Conn. SC: Employer liable for sexual harassment

Jessica M. Karmasek May 14, 2012, 3:30pm


HARTFORD, Conn. (Legal Newsline) - The Connecticut Supreme Court ruled this week that an employer is liable for failing to take "reasonable steps" to prevent an employee from being subjected to hostile work environments based on his sexual orientation.

The Court, in its opinion, which will be officially released Tuesday, upheld a jury award of more than $90,000 in favor of a longtime Birken Manufacturing Company employee.

Birken, based in Bloomfield, Conn., is an an aerospace component manufacturer specializing in aircraft fuel control, vanes and struts, large housing machining, and sheet metal stamping and forming. Its customers include Volvo and Boeing.

The plaintiff, Luis Patino, sued Birken, claiming that the company engaged in a discriminatory employment practice when it allowed his coworkers to harass him about his sexual orientation for a period of at least 10 years.

Patino was employed by Birken as a machinist from 1977 until he was terminated in November 2004.

However, it wasn't until 1991 that he became the subject of constant name-calling on the shop floor. Coworkers, Patino alleged, would use derogatory slurs for homosexuals in Spanish, including "pato" and "maricon," and also in Italian and English, "pira," "faggot" and "homo."

Although the words were not spoken to his face, they were made in his presence -- directly behind him, when he was operating machinery, for example.

Patino testified that the name-calling got so bad and made him so upset that his body would shake, his work and product would suffer, and it became difficult for him to sleep.

Following a trial, a jury returned a verdict in his favor, awarding him $94,500 in noneconomic damages.

In response, Birken filed a motion to set aside the verdict and a motion for remittitur, both of which the trial court denied.

Instead, the court rendered judgment in accordance with the verdict, from which Birken appealed to the state's high court.

The company claims that state code does not provide for hostile work environment claims; that even if the Court were to assume that such claims can be brought, Patino presented insufficient evidence to support the jury's finding of a hostile work environment; and that the award of damages was unsupported by the evidence and "excessive."

The Court rejected each of Birken's claims, and affirmed the trial court's judgment.

"Nothing in the language of the relevant statutes suggests that the legislature intended less extensive protections for victims of sexual orientation discrimination than for victims of other forms of discrimination," Chief Justice Chase T. Rogers wrote for the Court.

The evidence speaks for itself, the Court said.

"The evidence of a hostile work environment in the present case is that derogatory comments were made multiple times per week, sometimes several times a day, over a prolonged period of time, despite the plaintiff's repeated complaints to his supervisors," Rogers wrote.

"The plaintiff testified that his coworkers constantly yelled slurs in his presence as he worked on the shop floor.

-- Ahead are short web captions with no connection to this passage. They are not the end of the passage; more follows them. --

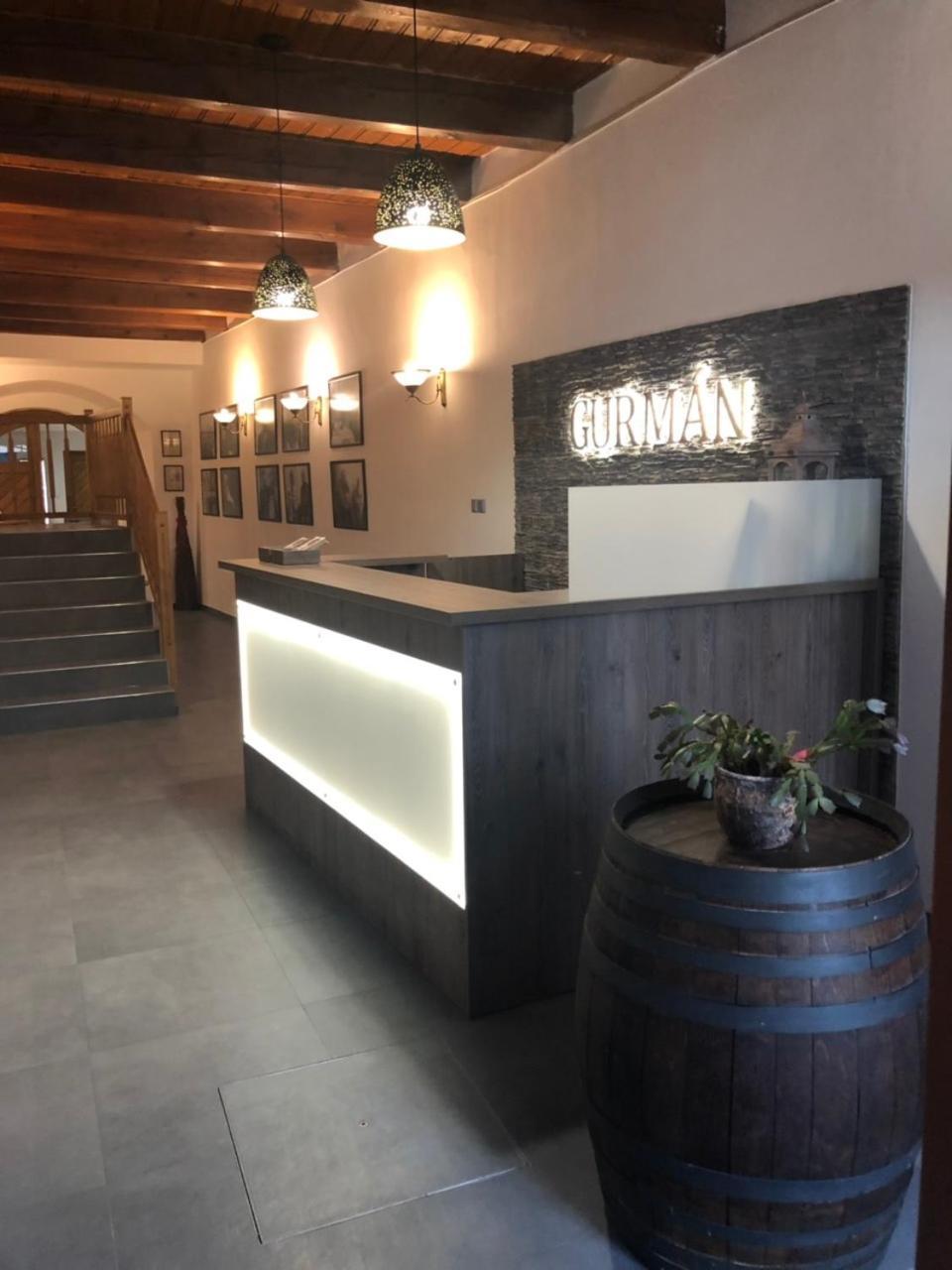 Hotel Gurman Horsovsky Tyn Luaran gambar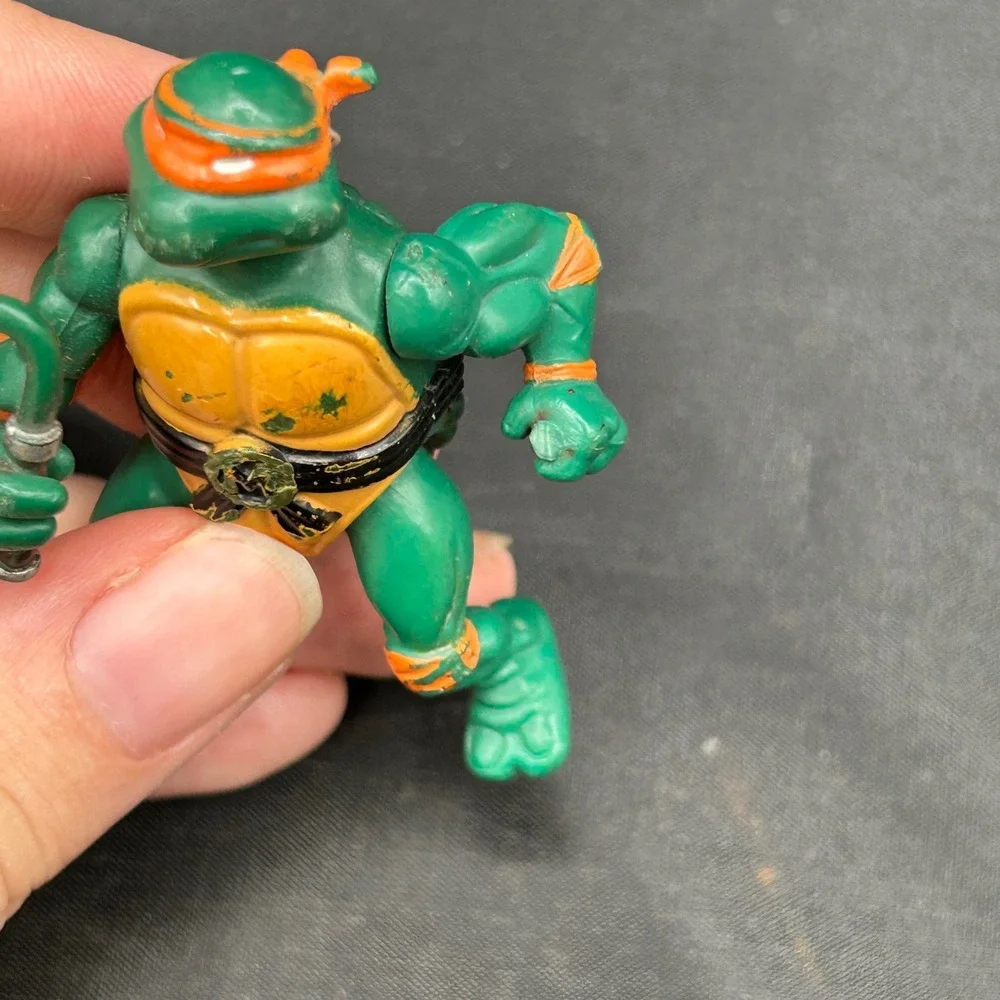 Lot of‎ 2 TMNT Teenage Mutant Ninja Turtles Mikey Action Figures VTG 1988 & 2008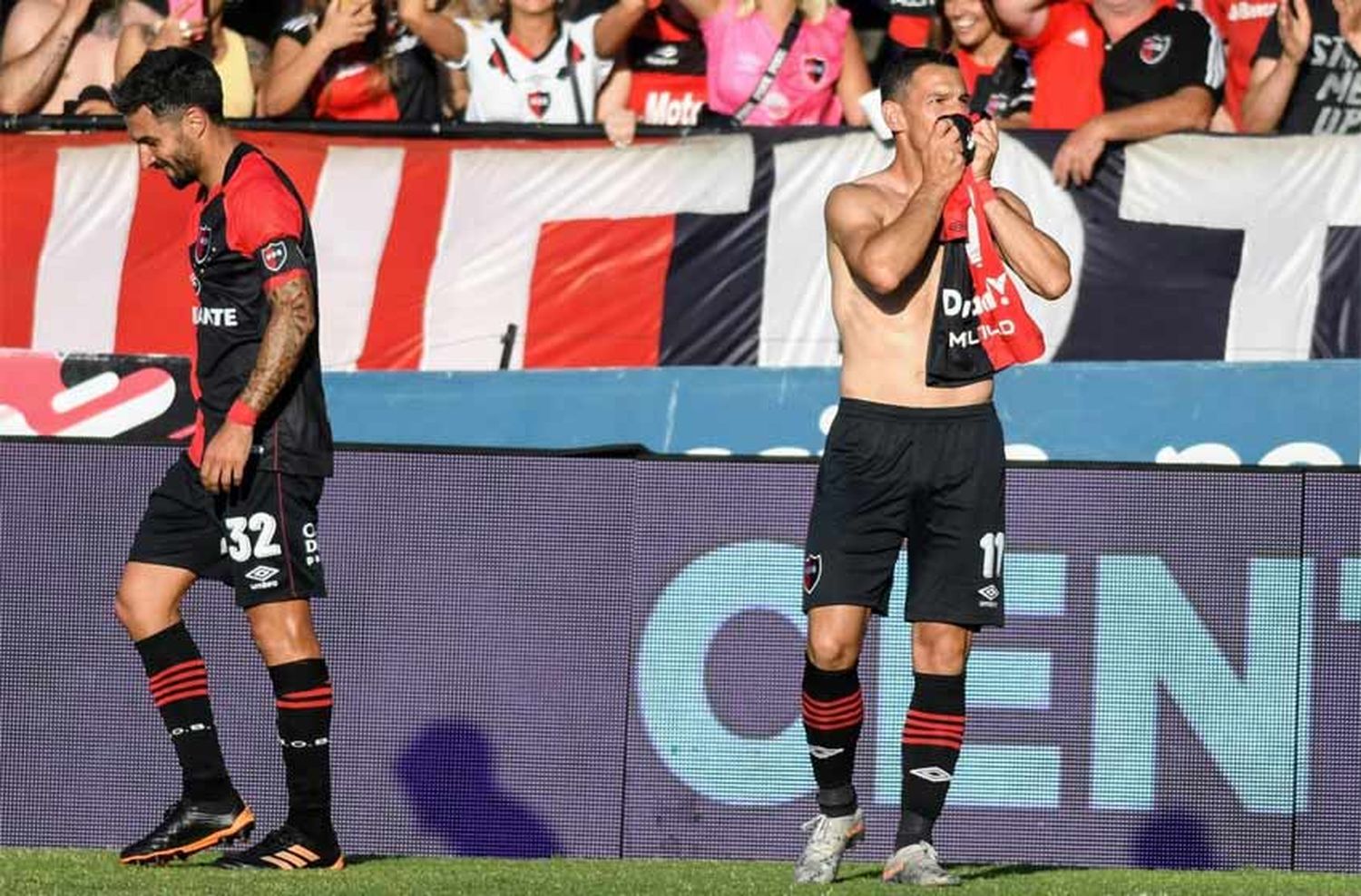 Por un golazo de tiro libre de Maxi Rodríguez, Newells se recuperó y venció a Central Córdoba de Santiago del Estero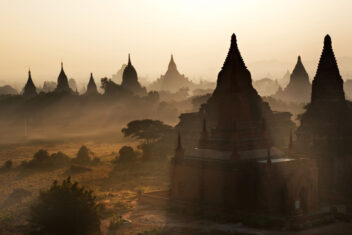 Bagan — Myanmar con Phuket y Bangkok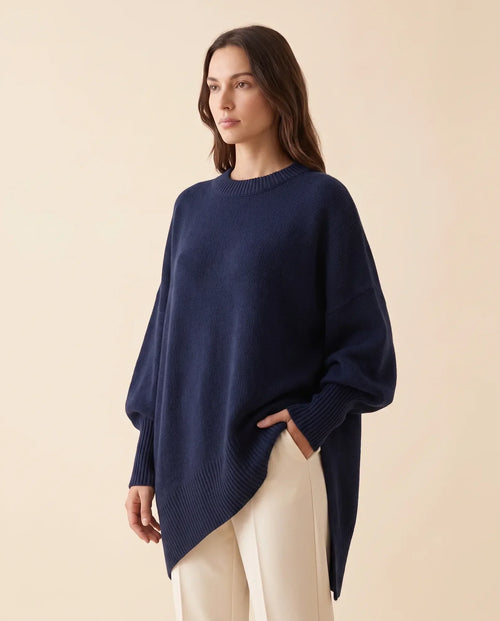 Daphne oversized tröja – asymmetrisk nederkant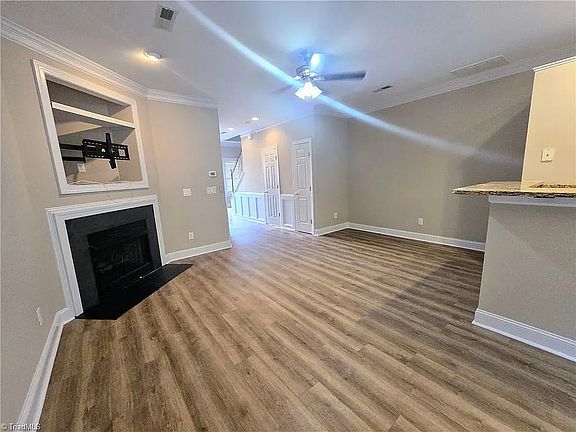 5th image of 4472 Piedmont Trace Dr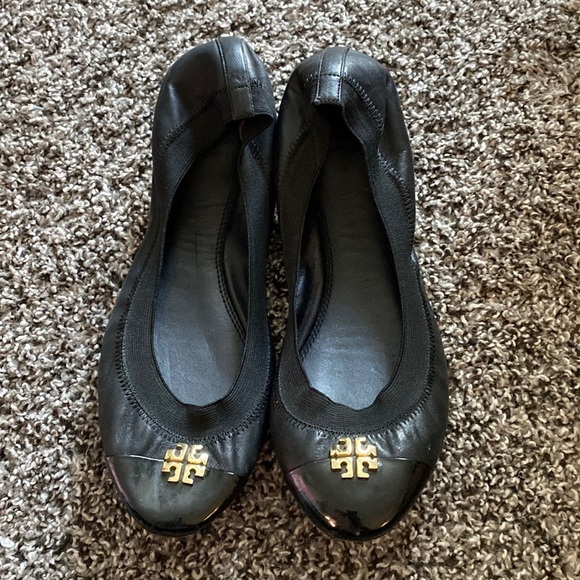 Tory Burch Jolie Ballet Flat Elastic Black Leather Patent Gold - Picture 3 of 11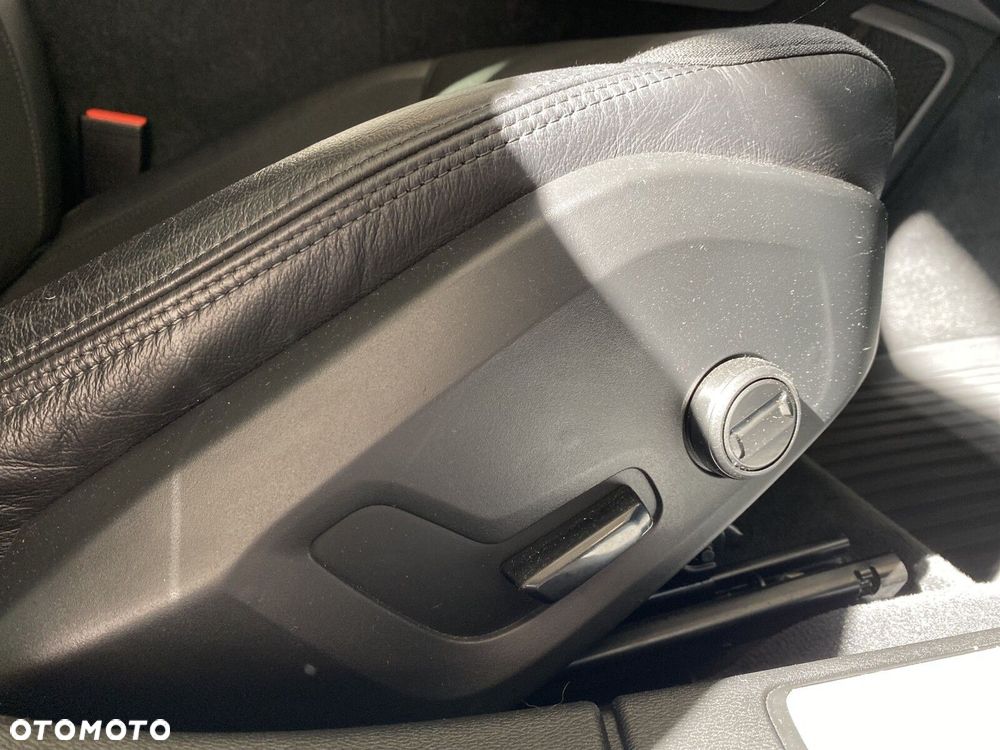 Volvo V60 T5 Momentum Pro - 31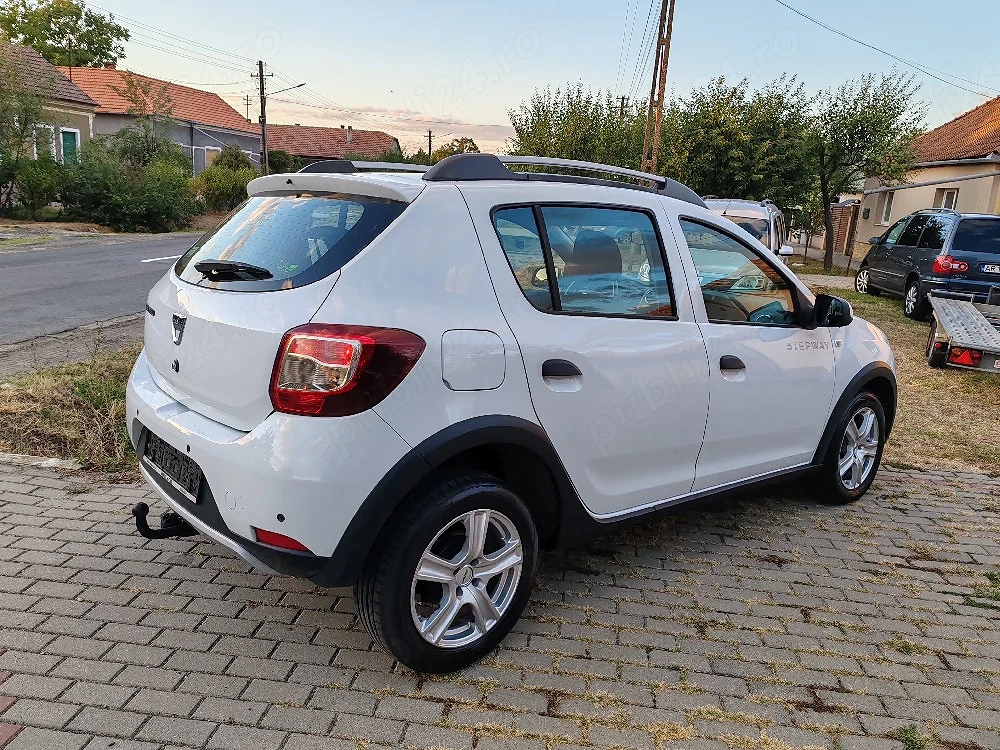 Dacia Sandero Stepway 100.000 Km Certificati-Prestige- Benzină 90 Cai Impecabilă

The plaintiff meticulously recorded each incident in his diaries, which were admitted into evidence for the jury to consider in reaching its verdict."

And the fact that the derogatory comments complained of were not always made directly at Patino -- and appeared to be the product of what the Court called a "locker-room office culture -- doesn't shield Birken from liability, the Court said.

As for the $94,500 award, the Court also sided with Patino.

"Given the sustained nature of the discrimination described by the plaintiff, the severity of the hostility he experienced, and the continued failure of the defendant to remedy the situation, the trial court did not abuse its discretion when it concluded that the award was not excessive or shocking when compared to verdicts awarded under similar circumstances," Rogers wrote.